I know that I have chose my mates according to the lifestyle I was living whenever I met them but come one, I have gotten better, I have changed, why does it seem like they cannot????
All I ask, a man that loves me, half ass understands me, or at least acts like he does. I want someone that understands that I love both my girls with all of my heart, and if your going to put them down, yell at them, you can count yourself gone!!
I want someone that wants to spend alone time with me everynow and again, I dont mean all the time, come on I smother easy, but like once a month get a babysitter, head out for dinner, movie, shopping, whatever! And then just maybe every now and then a motel room where its just me and him and lots of candles, lotions, food, and drink!!!
I am a mother that is almost always consumed with her girls, or the usual housework, or running errands, going to the doctors appointments. I know that this can be aggravating, time consuming, no alone time, no love, no just you and me, sweat, skin, heavy breathing and lots of good stuff all around!!!
If he shows a remote sense of interest, I will I promise go out of my way to give him my undivided attention. But so far all i get is alot of interest in the beginning, and then just cold dead, no more love, words that use to lift me up when I was down, turn into mean, cruel, arguements, you can feel him siding with whoever it is that you want him to defend you too!!

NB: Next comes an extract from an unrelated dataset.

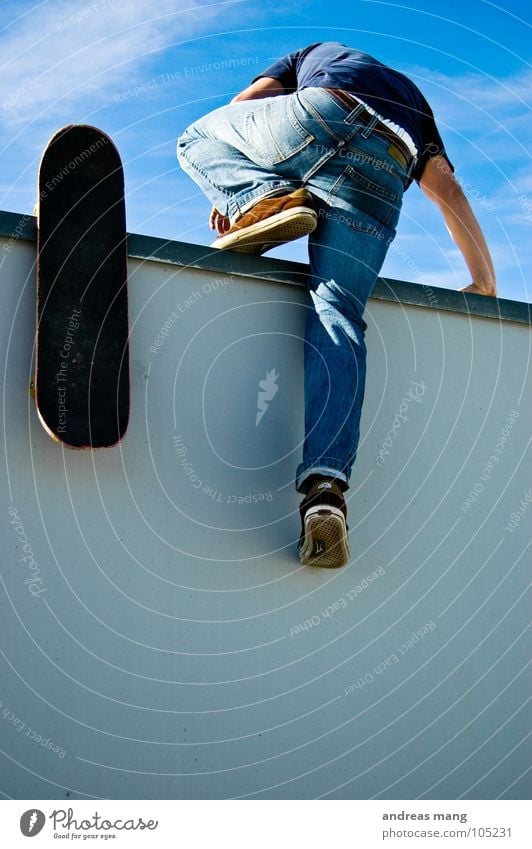 Here we go Man Skateboarding Wall (building) Above Sky Illegal Effort Going Get in Bans Clouds Speed Escape Come Climbing climp up Tall blue Lanes & trails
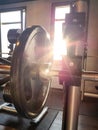 Fitness barbell against the sunlight with lensflare.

Is it me that really is so selfish that all I care about is me, and I don't see that? Then he gets feed up with it and completely turns on me?
Maybe men dont have to capasity to forgive like women do, or like I do, maybe all women aren't forgiving?

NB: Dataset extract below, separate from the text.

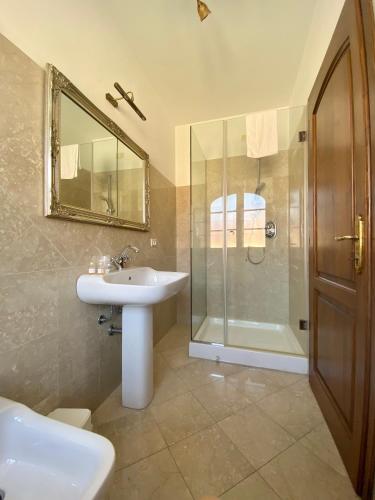 a bathroom with a sink and a shower and a mirror at Villa Silvana in Querceta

but I know for a fact that these men have done really mean, cruel things to me, and in a instant I can forgive and be willing to put it in the past, to see if we can get back to where we were, to try and have a relationship that can and will be good again!!!!

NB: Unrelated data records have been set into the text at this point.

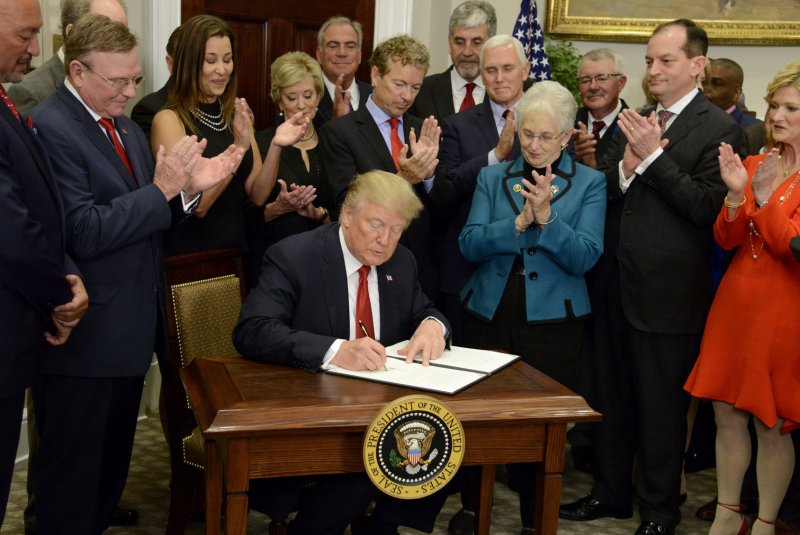 President Donald Trump, surrounded by Republican lawmakers and members of his Cabinet, signs an executive order Thursday to allow health insurance companies to sell cheaper, less beneficial plans to younger Americans. Photo by Mike Theiler/UPI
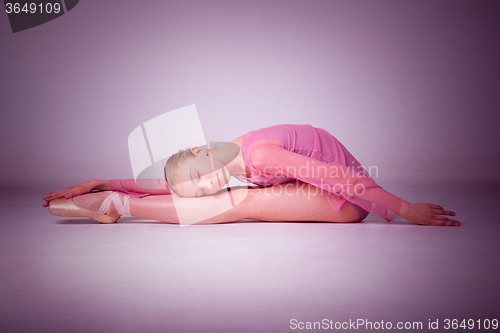 Image of The young ballerina posing on the floor 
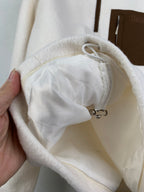 Cream fleece jacket hood lining with drawstring cord and stopper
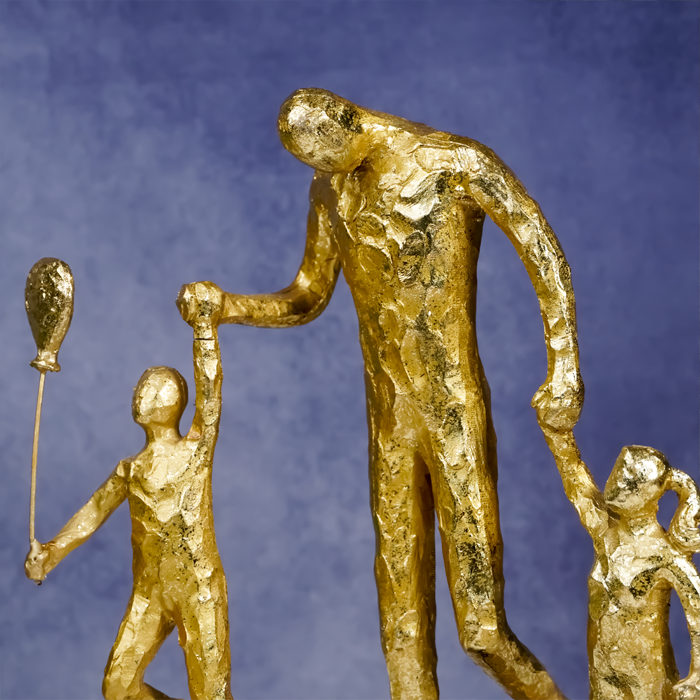 Gold Family Sculpture with Balloon - Joyful Moments in Art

But it seems that no one is ready to forgive me, I do one thing, ask for forgiveness, they say they forgive me, but what comes up at every arguement? that same thing I done wrong over, and over, and over??????? Where's the forgiveness in that, you dont really forgive if you continue to bring these faults up over and over again? It just means you said whatever it took at the moment to get me to hush about it??? Oh well, I think that I will really be the happiest when its just me and my two beautiful, sweet, smart, angel girls!! Then I dont ever have to feel guilty for spending time with them and not you, for spending money on them and never ever having to have them hide it from you so you wont know I spent money on them, no more dragging them to the bedroom to get away from your terrible, mean, loud, screaming, crazy mouth!!!! We can freely walk around in our home, carry our gifts through the door openly, and run and have pillow fights at will!!!!
That to me is the meaning of true happiness!!! Freedom in our own home!!!!